Il consenso è tutt’altro che omogeneo, ma la direzione è chiara. In Indonesia, l’87% della popolazione sostiene il divieto, in Francia l’85% e in Australia il 79%. Negli Stati Uniti la cifra scende al 63%, mentre in Germania si ferma al 53%. Differenze culturali, approcci educativi e modelli di governance incidono molto, ma il messaggio globale è univoco: serve più tutela per i più piccoli nel mondo online.
Il dibattito nasce da preoccupazioni concrete. Gli esperti parlano sempre più spesso di “wellness digitale”, un concetto che mette al centro il benessere mentale dei minori. Troppa esposizione ai social, infatti, può tradursi in ansia, dipendenza, isolamento e una pericolosa dipendenza dal confronto sociale. Il like diventa un metro di valore personale e la notifica una piccola scarica di dopamina difficile da abbandonare. Le piattaforme, almeno sulla carta, hanno già posto dei limiti. Facebook, Instagram, TikTok, Snapchat e X vietano l’accesso ai minori di 13 anni.
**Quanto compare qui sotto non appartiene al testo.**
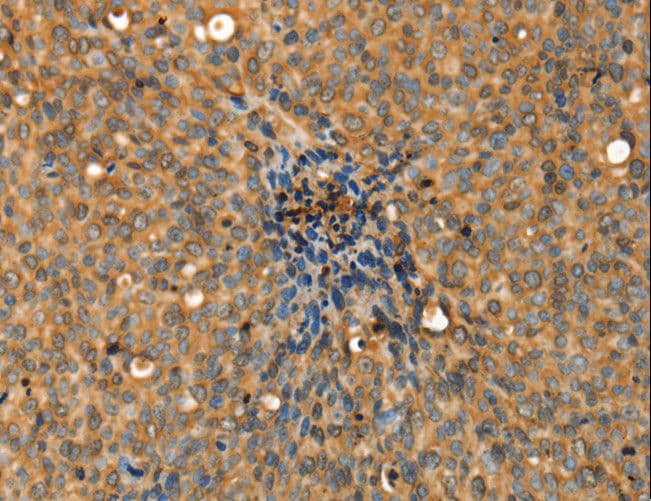 Polyclonal Rabbit anti-Human ADCY3 / Adenylate Cyclase 3 Antibody (IHC)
Ma le regole, senza controlli efficaci, servono a poco. Molti bambini aprono profili falsi, o utilizzano quelli dei genitori, aggirando le verifiche con facilità.
Ecco perché le aziende tech stanno cercando soluzioni più sofisticate: sistemi di verifica dell’età basati su intelligenza artificiale e riconoscimento facciale, pensati per rendere più difficile barare. Ma per ora, manca uno standard globale. Ogni Paese si muove in autonomia, con normative frammentate e applicazioni poco uniformi.
Secondo Ipsos, la crescente pressione dell’opinione pubblica potrebbe accelerare la nascita di regole internazionali comuni per proteggere i minori online. E forse, per la prima volta, il consenso popolare potrebbe davvero spingere le piattaforme verso un cambio di rotta.
Perché se il digitale è ormai parte della nostra vita quotidiana, educare al suo uso consapevole è l’unico modo per renderlo uno spazio sicuro anche per chi è appena agli inizi del proprio percorso nel mondo.